REQUIRED WORK » Write out, word for word, the part of the listing below that opens with the line containing "- Нижняя Тура" and closes with the line containing "Alfred Blue 2014", keeping both of those lines and adding no others.
════════════════════
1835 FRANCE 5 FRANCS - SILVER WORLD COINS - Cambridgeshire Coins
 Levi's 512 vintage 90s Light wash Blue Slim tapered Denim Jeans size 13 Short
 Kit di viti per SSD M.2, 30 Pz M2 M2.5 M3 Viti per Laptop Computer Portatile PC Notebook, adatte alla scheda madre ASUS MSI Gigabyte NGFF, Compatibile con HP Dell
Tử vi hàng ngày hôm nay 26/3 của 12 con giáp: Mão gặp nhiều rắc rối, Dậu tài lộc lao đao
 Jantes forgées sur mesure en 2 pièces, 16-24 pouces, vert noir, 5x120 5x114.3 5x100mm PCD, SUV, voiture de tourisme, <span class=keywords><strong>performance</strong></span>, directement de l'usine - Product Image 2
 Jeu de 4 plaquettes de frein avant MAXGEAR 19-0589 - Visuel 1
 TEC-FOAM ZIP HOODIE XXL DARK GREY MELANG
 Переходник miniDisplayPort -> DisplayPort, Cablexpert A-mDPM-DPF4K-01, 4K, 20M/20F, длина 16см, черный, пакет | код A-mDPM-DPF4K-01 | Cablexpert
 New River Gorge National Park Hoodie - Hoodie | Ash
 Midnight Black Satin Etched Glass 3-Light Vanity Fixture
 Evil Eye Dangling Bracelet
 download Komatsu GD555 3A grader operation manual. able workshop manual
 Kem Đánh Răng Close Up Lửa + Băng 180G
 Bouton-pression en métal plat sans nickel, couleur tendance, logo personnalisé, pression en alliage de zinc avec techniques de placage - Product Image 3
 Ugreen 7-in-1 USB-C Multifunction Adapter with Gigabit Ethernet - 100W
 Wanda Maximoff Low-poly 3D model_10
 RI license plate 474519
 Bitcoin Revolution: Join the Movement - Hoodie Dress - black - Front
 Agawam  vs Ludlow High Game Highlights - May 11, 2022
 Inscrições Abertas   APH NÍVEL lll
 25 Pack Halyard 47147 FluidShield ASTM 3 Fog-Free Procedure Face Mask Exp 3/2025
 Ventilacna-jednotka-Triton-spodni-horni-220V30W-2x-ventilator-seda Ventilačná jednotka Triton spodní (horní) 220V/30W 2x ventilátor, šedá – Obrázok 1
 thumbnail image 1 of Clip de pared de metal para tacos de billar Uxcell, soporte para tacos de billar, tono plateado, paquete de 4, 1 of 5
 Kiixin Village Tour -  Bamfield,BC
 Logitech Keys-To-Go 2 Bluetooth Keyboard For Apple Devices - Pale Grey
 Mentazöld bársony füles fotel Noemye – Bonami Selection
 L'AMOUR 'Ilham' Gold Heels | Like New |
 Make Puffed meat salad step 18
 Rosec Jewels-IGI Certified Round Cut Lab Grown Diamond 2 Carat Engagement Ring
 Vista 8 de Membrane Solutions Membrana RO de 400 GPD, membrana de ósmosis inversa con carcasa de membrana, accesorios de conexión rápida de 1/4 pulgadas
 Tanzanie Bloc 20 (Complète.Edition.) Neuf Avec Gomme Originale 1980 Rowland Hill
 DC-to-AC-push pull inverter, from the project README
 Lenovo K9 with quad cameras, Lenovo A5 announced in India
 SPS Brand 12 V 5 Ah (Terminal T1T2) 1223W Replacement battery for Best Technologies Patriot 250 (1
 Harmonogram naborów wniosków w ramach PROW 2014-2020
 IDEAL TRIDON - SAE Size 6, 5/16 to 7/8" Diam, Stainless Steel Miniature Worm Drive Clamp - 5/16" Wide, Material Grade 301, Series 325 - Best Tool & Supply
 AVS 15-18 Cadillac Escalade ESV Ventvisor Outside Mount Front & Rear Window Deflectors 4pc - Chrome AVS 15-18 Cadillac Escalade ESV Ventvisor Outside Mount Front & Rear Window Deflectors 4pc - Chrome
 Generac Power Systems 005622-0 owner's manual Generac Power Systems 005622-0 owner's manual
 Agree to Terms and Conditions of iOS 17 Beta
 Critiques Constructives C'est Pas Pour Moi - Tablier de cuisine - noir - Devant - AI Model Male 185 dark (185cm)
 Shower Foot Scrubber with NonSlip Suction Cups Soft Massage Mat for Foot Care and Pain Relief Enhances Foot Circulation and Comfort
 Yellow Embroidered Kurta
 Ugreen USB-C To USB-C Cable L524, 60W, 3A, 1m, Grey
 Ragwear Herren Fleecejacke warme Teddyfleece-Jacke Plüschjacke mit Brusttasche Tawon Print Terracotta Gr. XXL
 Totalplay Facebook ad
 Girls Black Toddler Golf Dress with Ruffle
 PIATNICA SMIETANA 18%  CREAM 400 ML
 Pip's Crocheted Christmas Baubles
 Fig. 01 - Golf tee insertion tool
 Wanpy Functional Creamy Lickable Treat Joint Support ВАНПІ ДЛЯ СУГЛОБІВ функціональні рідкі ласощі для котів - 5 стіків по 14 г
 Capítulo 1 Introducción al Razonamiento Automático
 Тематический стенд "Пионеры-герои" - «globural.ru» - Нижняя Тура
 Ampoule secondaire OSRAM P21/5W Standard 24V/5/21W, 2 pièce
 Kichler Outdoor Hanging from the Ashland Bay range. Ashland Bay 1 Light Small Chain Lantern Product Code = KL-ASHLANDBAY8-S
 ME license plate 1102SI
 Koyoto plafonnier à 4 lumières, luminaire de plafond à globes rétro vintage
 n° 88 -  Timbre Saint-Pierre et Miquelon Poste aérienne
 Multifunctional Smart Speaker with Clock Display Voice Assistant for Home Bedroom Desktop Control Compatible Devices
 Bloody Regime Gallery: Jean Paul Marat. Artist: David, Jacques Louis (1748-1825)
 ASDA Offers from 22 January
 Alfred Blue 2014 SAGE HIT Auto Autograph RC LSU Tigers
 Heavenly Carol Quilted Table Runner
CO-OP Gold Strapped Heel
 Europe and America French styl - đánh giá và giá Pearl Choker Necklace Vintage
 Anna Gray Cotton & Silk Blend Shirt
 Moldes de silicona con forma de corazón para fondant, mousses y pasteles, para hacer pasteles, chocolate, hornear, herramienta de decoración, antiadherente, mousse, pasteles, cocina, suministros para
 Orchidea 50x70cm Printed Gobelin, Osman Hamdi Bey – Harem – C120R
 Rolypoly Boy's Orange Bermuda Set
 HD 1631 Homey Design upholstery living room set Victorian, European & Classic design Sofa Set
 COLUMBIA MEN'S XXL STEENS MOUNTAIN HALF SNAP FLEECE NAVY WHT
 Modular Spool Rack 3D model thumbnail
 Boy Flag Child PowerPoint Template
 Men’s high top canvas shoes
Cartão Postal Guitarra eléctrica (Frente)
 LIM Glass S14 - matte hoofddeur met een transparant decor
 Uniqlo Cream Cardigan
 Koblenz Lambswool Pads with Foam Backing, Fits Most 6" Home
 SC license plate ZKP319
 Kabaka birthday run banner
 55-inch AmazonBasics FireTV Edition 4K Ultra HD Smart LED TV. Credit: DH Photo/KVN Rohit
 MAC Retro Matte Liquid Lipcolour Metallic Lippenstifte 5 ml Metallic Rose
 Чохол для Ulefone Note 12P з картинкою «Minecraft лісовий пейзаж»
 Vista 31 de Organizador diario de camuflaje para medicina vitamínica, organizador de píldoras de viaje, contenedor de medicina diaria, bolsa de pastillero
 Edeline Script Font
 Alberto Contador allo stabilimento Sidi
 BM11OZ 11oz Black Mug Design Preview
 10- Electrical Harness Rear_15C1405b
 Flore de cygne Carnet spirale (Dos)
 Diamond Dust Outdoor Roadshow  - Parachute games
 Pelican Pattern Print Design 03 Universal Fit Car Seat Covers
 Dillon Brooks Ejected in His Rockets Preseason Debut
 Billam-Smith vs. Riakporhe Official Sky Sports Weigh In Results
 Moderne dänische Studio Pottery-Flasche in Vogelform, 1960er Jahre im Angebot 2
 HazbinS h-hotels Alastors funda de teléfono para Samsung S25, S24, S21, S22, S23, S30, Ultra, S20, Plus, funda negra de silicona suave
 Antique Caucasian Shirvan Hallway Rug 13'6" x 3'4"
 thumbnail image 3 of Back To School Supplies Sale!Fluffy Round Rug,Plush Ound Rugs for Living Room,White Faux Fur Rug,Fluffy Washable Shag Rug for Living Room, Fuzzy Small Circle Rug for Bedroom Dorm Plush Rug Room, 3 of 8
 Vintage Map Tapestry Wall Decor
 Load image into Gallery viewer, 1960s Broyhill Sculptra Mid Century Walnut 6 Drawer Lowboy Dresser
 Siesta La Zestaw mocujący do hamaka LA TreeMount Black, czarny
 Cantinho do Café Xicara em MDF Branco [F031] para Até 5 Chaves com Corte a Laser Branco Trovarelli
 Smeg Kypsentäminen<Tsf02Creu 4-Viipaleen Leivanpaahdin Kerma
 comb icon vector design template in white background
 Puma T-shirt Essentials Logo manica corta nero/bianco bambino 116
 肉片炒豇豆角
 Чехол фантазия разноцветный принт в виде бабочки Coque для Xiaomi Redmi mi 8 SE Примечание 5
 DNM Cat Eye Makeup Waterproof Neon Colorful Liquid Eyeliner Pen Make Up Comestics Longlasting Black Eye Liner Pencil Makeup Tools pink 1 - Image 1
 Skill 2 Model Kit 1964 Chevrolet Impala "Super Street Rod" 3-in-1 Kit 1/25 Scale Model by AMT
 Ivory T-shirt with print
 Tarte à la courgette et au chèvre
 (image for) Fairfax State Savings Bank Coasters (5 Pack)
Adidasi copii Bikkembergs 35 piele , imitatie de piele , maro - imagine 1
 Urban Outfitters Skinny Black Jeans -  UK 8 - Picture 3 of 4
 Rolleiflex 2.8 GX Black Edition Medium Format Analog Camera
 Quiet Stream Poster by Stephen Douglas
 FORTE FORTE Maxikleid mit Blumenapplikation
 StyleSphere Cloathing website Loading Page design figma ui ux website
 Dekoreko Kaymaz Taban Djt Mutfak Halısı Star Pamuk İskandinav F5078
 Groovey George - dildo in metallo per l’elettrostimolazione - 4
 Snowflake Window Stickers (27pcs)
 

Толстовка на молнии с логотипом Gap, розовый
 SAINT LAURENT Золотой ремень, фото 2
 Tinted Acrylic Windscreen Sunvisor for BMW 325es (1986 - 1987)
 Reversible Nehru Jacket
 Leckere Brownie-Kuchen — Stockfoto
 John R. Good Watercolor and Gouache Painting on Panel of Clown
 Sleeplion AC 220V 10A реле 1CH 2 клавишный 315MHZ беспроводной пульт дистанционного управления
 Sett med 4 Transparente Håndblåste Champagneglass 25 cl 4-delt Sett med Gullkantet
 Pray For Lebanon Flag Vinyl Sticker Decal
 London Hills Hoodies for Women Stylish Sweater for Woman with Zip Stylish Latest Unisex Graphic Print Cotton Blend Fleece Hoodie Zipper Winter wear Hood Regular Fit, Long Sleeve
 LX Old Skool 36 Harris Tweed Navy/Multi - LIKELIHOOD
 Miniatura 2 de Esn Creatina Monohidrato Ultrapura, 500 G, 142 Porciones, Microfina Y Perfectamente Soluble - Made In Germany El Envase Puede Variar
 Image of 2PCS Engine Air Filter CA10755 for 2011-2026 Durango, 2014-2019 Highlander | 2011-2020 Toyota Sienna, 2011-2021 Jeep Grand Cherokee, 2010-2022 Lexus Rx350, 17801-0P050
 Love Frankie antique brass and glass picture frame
════════════════════
RESULT OF THIS TASK »
 Тематический стенд "Пионеры-герои" - «globural.ru» - Нижняя Тура
 Ampoule secondaire OSRAM P21/5W Standard 24V/5/21W, 2 pièce
 Kichler Outdoor Hanging from the Ashland Bay range. Ashland Bay 1 Light Small Chain Lantern Product Code = KL-ASHLANDBAY8-S
 ME license plate 1102SI
 Koyoto plafonnier à 4 lumières, luminaire de plafond à globes rétro vintage
 n° 88 -  Timbre Saint-Pierre et Miquelon Poste aérienne
 Multifunctional Smart Speaker with Clock Display Voice Assistant for Home Bedroom Desktop Control Compatible Devices
 Bloody Regime Gallery: Jean Paul Marat. Artist: David, Jacques Louis (1748-1825)
 ASDA Offers from 22 January
 Alfred Blue 2014 SAGE HIT Auto Autograph RC LSU Tigers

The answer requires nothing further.